#Team Preud’homme

Rien pendant huit saisons, puis deux exploits en une semaine : le Club Bruges continue sa spirale positive. Les joueurs ont faim : le 14e titre de champion doit être la cerise sur le gâteau.

C’était il y a une dizaine de jours, alors que j’étais en route pour une interview avec Vincent Mannaert. L’autoradio diffusait les actualités et, alors que je m’engageais sur le Ring de Bruxelles, évoqua un fait curieux à propos du championnat… danois dont le FC Midtjylland est le leader autoritaire : après 22 journées, il compte déjà 11 points d’avance sur le deuxième, le FC Copenhague, et 18 (!) sur le troisième. Le club doit, paraît-il, cette domination à une approche révolutionnaire, basée sur les statistiques et des données mathématiques recueillies à propos de joueurs sous-estimés. Le fruit d’une réflexion d’un économiste américain.
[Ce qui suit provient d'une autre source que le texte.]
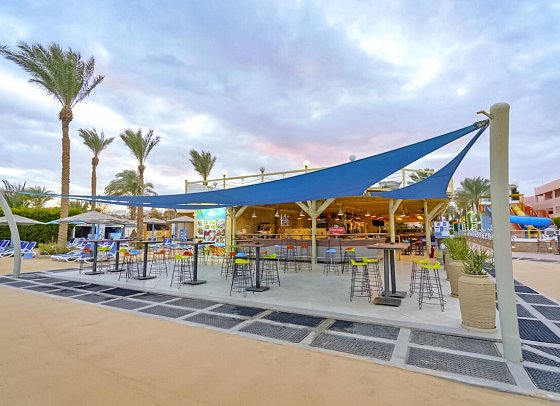 Minamark Beach Resort & Spa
A Liège, ils ont un président qui agit aussi de cette manière. Il était près de 20 heures lorsque Mannaert rassembla ses papiers sur son bureau après l’interview. Il avait également entendu parler de cette histoire. Jim Larsen, qui a joué un moment à Bruges mais n’a pas réussi à percer en raison d’une blessure chronique au genou, évolue actuellement au FC Midtjylland. Et Brian Priske, qui a remporté la Coupe avec Bruges en 2007, y est entraîneur adjoint.  » Philippe Clement lui téléphone encore régulièrement « , précise Mannaert.

Dimanche soir, j’ai resongé à cette approche danoise lorsque, pour la deuxième fois en quatre jours, les pièces du puzzle imaginé par Bart Verhaeghe se sont parfaitement emboîtées. D’abord à Istanbul, face à Besiktas, puis à Bruxelles, dans le temps additionnel de la finale de la Coupe de Belgique. J’ai resongé à cette après-midi ensoleillée mais froide de janvier 2011, lorsque Verhaeghe a transformé le Club Bruges d’asbl en SA.
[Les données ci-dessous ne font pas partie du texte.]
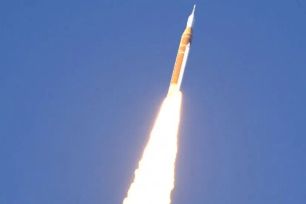 NASA đưa con người lên Mặt Trăng sau hơn 50 năm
Lorsqu’il a présenté son approche scientifique, son système de performance individuel couplé à un scouting plus pointu, à une analyse plus profonde, à un encadrement plus large, à des entraîneurs spécifiques par secteur de jeu et à un travail plus professionnel. Sans renier le passé, la nostalgie des succès d’autrefois. Rune Lange, aujourd’hui scout pour la Scandinavie, était le buteur de la période TrondSollied, la dernière grande époque du Club. Henk Houwaart était le meneur des joutes européennes mythiques.
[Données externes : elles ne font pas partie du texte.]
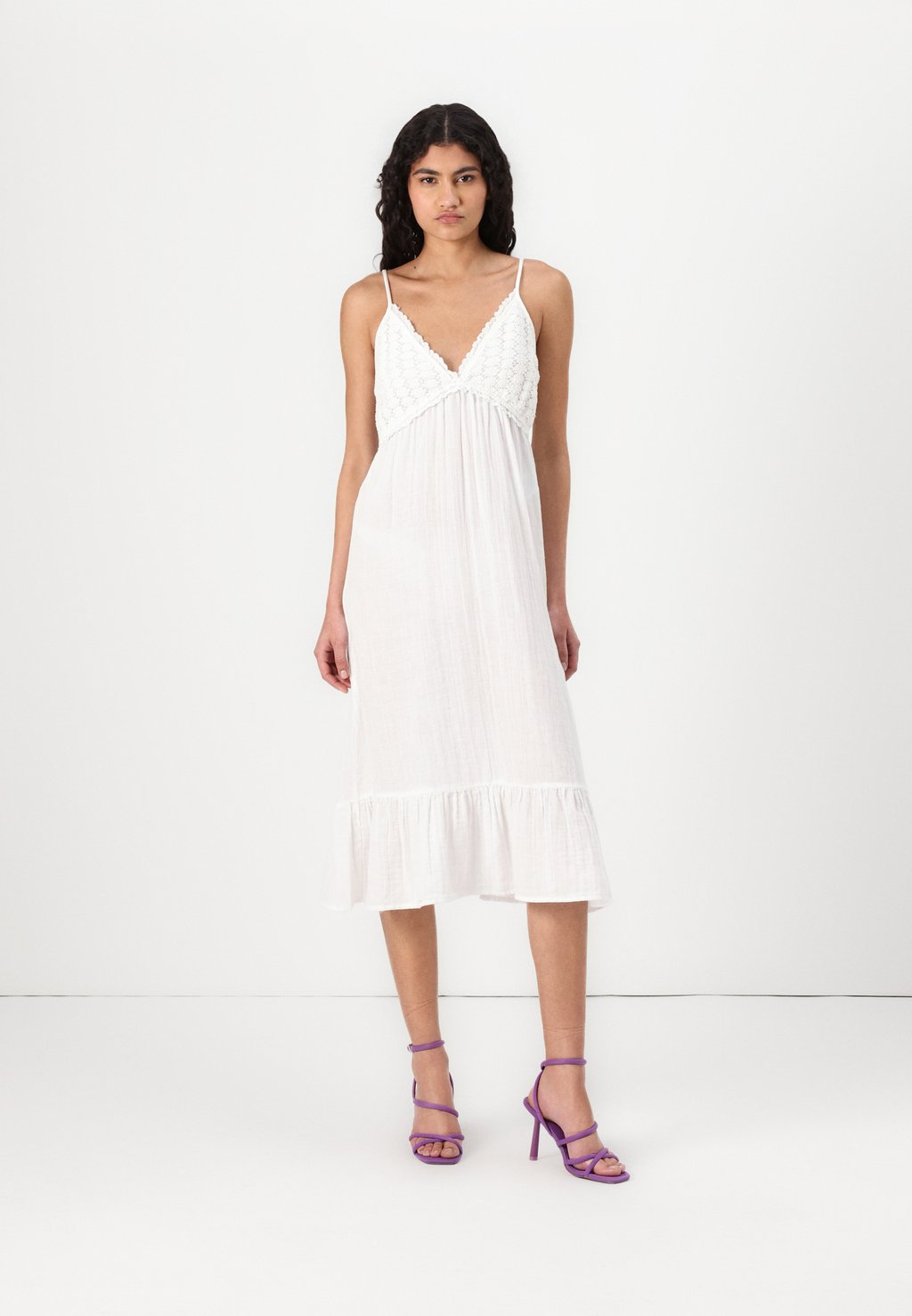 

Повседневное платье PCLATINA STRAP DRESS Pieces, слоновая кость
Combiner la science à la nostalgie, ce n’est pas toujours évident. Rome ne s’est pas construite en un jour. Des gens sont arrivés, ont expérimenté, ont parfois échoué, et s’en sont allés. Des entraîneurs, des joueurs, des membres du staff ou de l’encadrement. Des investissements ont été réalisés. D’importants investissements. Ils ont entretenu l’espoir, avant d’engendrer la déception. De temps en temps, un mea culpa (Georges Leekens, Nicolas Castillo, Juan Carlos Garrido). Des dossiers n’ont abouti : la construction d’un nouveau complexe d’entraînement ou d’un nouveau stade, par exemple.

Des ambitions n’ont pas été concrétisées. Mais Verhaeghe n’a eu de cesse de remettre l’ouvrage sur le métier. Bruges a accumulé les échecs, alors que Gand inaugurait sa Ghelamco Arena et qu’Anderlecht enchaînait les titres les uns après les autres, tout en rendant ses projets de nouveau stade de plus en plus concrets. Verhaeghe ne s’est pas découragé. Il a persévéré.

La pièce qui manquait

A Bruges, on prétend que le tournant s’est situé en 2011. C’est alors qu’on a commencé à réfléchir de façon plus professionnelle, à se moderniser, à investir, à prendre des risques, à se mettre (un peu) dans le rouge. A transférer, aussi. Carlos Bacca, Castillo, aujourd’hui Felipe Gedoz et José Izquierdo, le Club s’est décidé, comme il l’avait déjà fait à l’époque d’Andrés Mendoza et de Ronald Vargas, à jouer la carte sud-américaine, en espérant qu’elle lui porte chance.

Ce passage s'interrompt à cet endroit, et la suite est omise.